Now Keith Howe is back at North Rowan Middle, having made way for Andrew to take over at the high school.
Middle school is all about teaching when it comes to band, the Howes say, while high school is more about performing.
“I enjoy doing it,” Keith says about lasting three decades in the work. “It’s fun getting paid, doing what you like to do.”
Tyler Howe says his father fought for the North Rowan High band program because it wasn’t where it needed to be when he took over.
“Now I’m battling the exact same things he fought for at North,” Tyler says of taking over the Salisbury High program, which has only 40 members.
A turnover in band directors over recent years has jaded the students a bit and made it a rebuilding process, Tyler says.
“It’s a challenge,” he adds. “For me, it’s a new group of students who have really had an unfortunate go of it.
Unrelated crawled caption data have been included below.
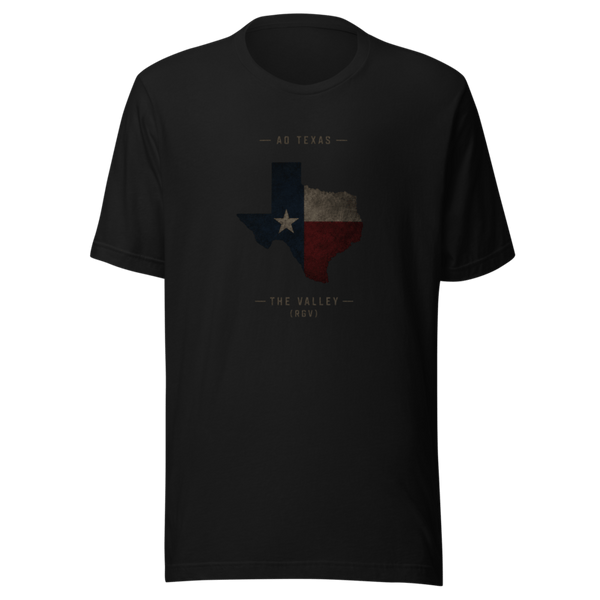 Unisex Staple T-Shirt - Black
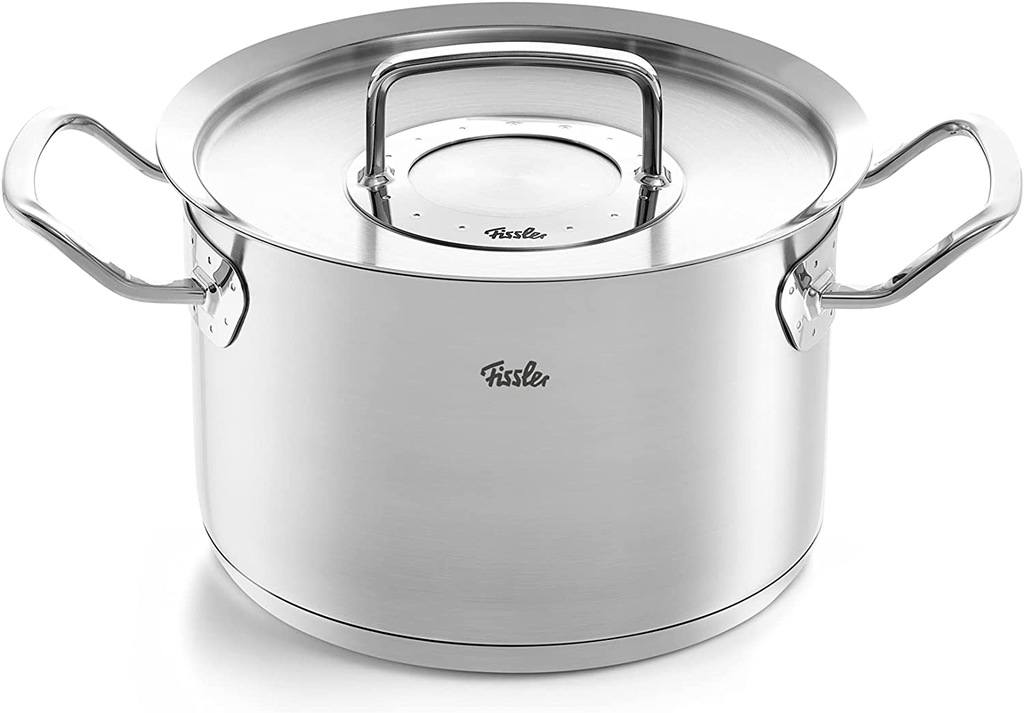 Fissler Topf-Set »ORIGINAL-PROFI COLLECTION® Edelstahl-Topfset«, Edelstahl günstig online kaufen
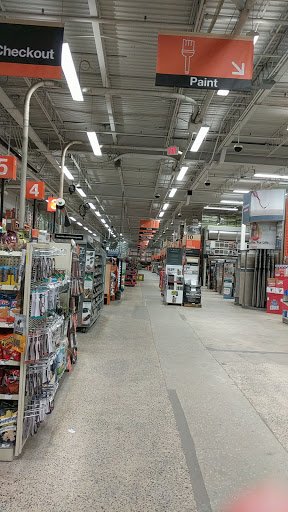 Home Improvement Store «The Home Depot», reviews and photos, 310 N White Horse Pike #1, Lawnside, NJ 08045, USA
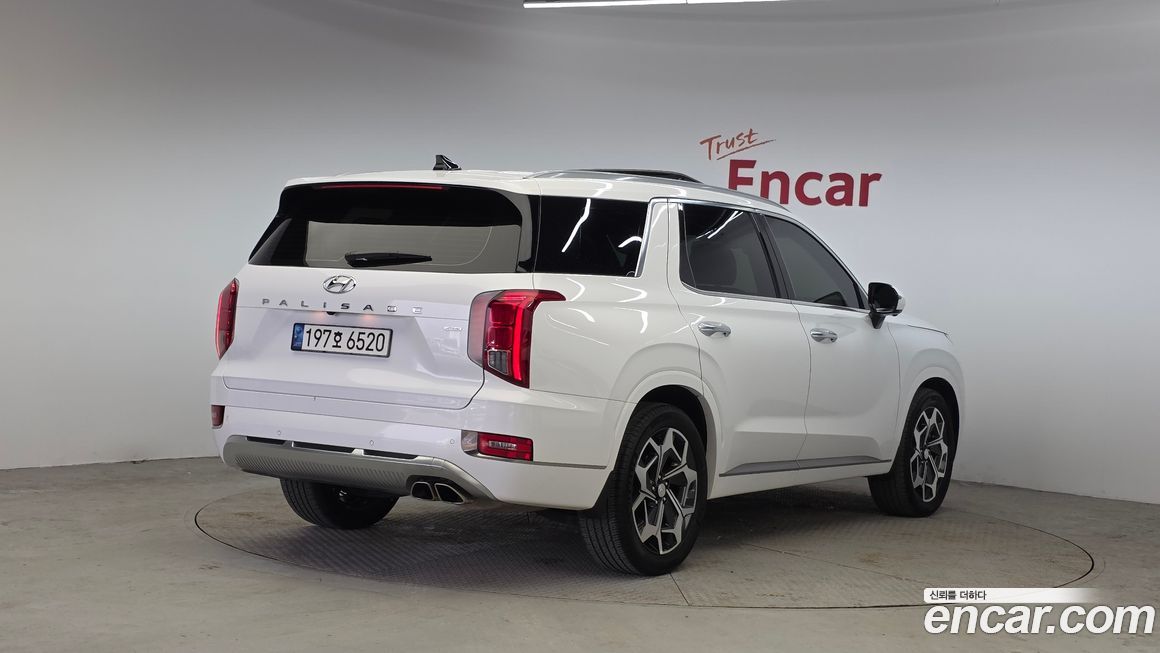 Hyundai Palisade 2022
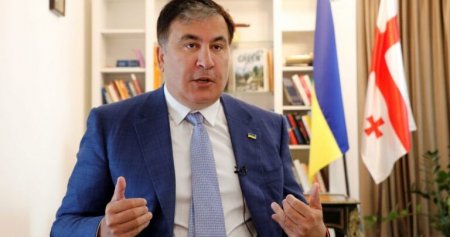 Saakaşvili 24 saatlıq Gürcüstana buraxılmasını istədi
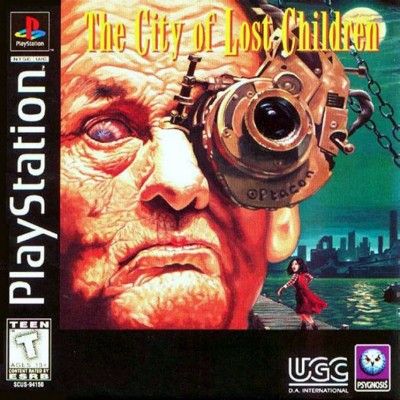 City of Lost Children Video Game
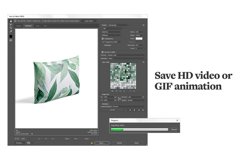 Pillow Animated Mockups Product Image 8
It’s tough having to remind myself every day that these kids may be giving me all they have and all they’re willing to give right now.”
But he says his band members are learning every time out.
Andrew Howe taught band for a year at Brawley Middle School in Iredell County, followed by three years at North Rowan Middle School.
He had entered Catawba College as a history major, thinking he would teach or go to law school, but he graduated in music after realizing it was something he couldn’t live without.
Andrew is thrilled with the support from the school’s band boosters and describes his 70-member band as young, sprinkled with many new faces.
They already have survived two hot weeks of band camp, during which most days went from 8 a.m. to 5 p.m. Andrew is aiming for their first halftime performance at East Rowan High next week.
The Howe brothers know that band directors have many behind-the-scenes duties that involve budgeting, purchasing, scheduling practices, arranging buses and the like.
Andrew drove down to Gaston County earlier in the week, just to pick up the right flags for North.
The administrative part aside, they both compare band directing to coaching.
“We want the same out of our musicians,” Tyler says, “as a coach wants out of his star quarterback every night.”
Wyna Howe says all three Howe men have a passion for kids.
“This is more than just a job to them,” she says. “This is something they lose sleep over.”
Wyna said she is surprised, on one hand, that the boys became band directors after they grew up seeing how frustrating a profession it can be at times. Also, in today’s world, when arts programs are often the first thing school systems cut, band directing may not provide a secure future, Wyna adds.
But her sons, from the time they were infants, could direct and keep a drum beat. “I felt a long time ago,” Wyna says, “that it was a calling for both of them.”
The Howe men are a close-knit bunch. Beyond all their band duties over the years, they have been coaches, referees and umpires together. They also share strong allegiances to Carolina Panthers football and Duke University basketball.
Andrew Howe says his father tends to understate his importance and influence on them both, especially in their first years as band directors.
“It’s like having your own personal mentor,” he says.